Large-Scale Multimedia Analysis

11775, Spring 2024

Instructors: Alex Hauptmann, Zhi-Qi Cheng

Home

People

Syllabus

Homeworks

Project

Lecture:

Date and Time: 17:00-18:20, Monday and Wednesday
Location: GHC-4102
Websites: Canvas Piazza

Course Description:

Can a robot watch "Youtube" to learn about the world? What makes us laugh? How to bake a cake? Why is Kim Kardashian famous?

Large-scale multi-media is an incomparable window into our world, with thousands of hours of data available on almost every aspect of our everyday life. The analysis of such data is a unique opportunity to perform deep multi-modal analysis that goes beyond image or video retrieval, speech to text, or other existing tasks. This is a 12-unit class or lab covering fundamentals of large-scale computer vision, audio and speech processing, multi-media files and streaming, multi-modal signal processing, video retrieval, semantics, and text (possibly also: speech, music) generation.

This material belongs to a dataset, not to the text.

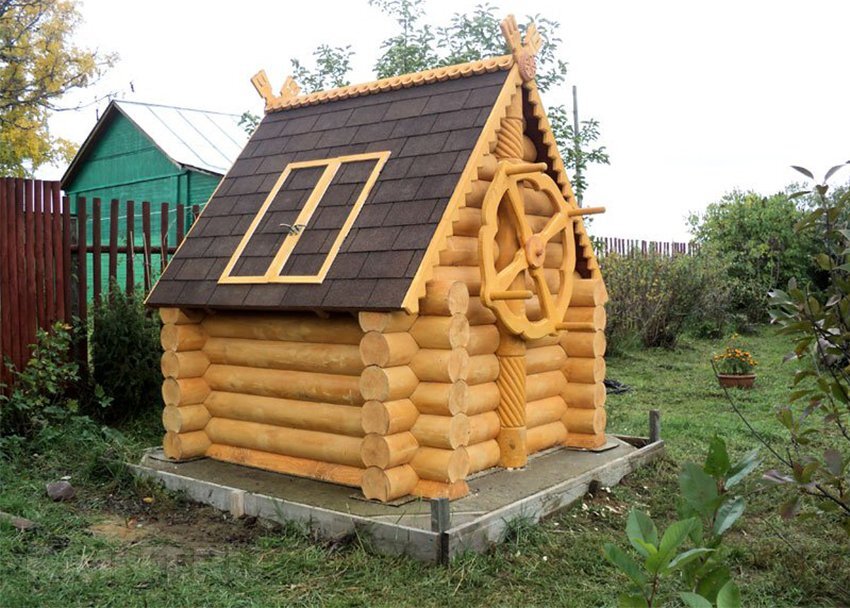 Колодезный домик над источником воды выполняет защитные и&nbsp;декоративные функции.-14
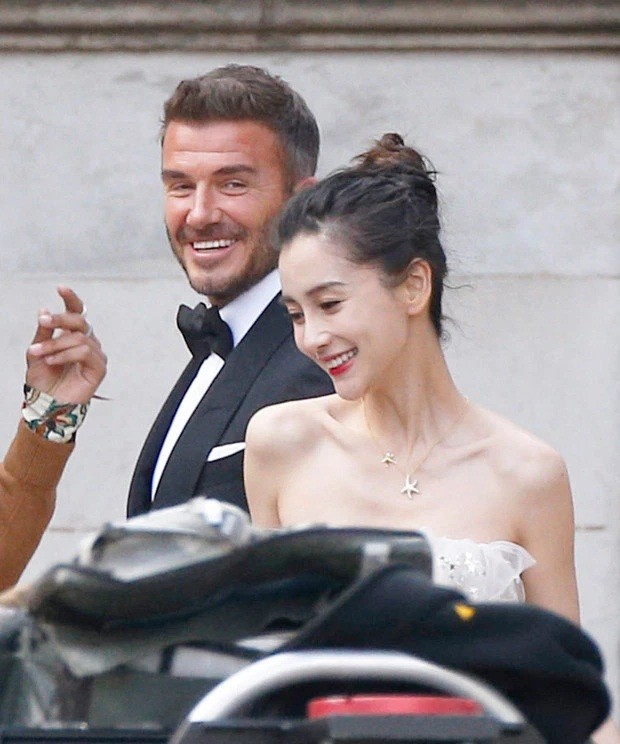 David Beckham tươi hết cỡ bên 'cô dâu' xinh đẹp Angelababy - ảnh 2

Target Audience/ Prerequisites:

This is a graduate course primarily for students in LTI, HCII, CSD, Robotics, ECE; others, for example undergraduate students in CS, by prior permission of the instructor(s). Strong implementation skills, experience on working with large data sets, and familiarity with some (not all) of the above fields (e.g. 11-611, 11-711, 11-751, 11-755, 11-792, 16-720, or equivalent), will be helpful.

Learning Objectives:

Instructors will give an overview of relevant recent work and benchmarking efforts (Trecvid, Mediaeval, etc.). Students will work on research projects to explore these ideas and learn to perform multi-modal retrieval, summarization and inference on large amounts of "Youtube"-style data. The experimental environment for the practical part of the course will be given to students in the form of Virtual Machines.

Course Outcomes:

Students who successfully complete the course should be able to at the minimum understand all aspects of a state-of-the art multi-media search system. They will understand the fundamental algorithms of information retrieval, speech recognition and audio processing, image and video processing, and understand the complexities of handling large amounts of heterogeneous multi-media data. They will have in-depth and hands-on experience with some of the algorithms involved in processing (recognition and/ or synthesis) any of these modalities and/or with multi-modal fusion. They should be able to apply that knowledge to other domains and/ or data on their own.

Grading:

The overall grade will be determined as follows:

Assignments (30%)
Term Project (70%)

It is typically possible to audit the class, if helpful.

Deadlines and Lateness:

Homework (assignments and exercises) and term project results are worth full credit at the beginning of the class on the due date. Unless granted an extension in advance, it is worth at most 75% credit for the next 48 hours, at most 50% credit after that. If you need an extension, please ask for it as soon as the need for it is known. Extensions that are requested promptly can be granted more liberally. You must turn in all assignments.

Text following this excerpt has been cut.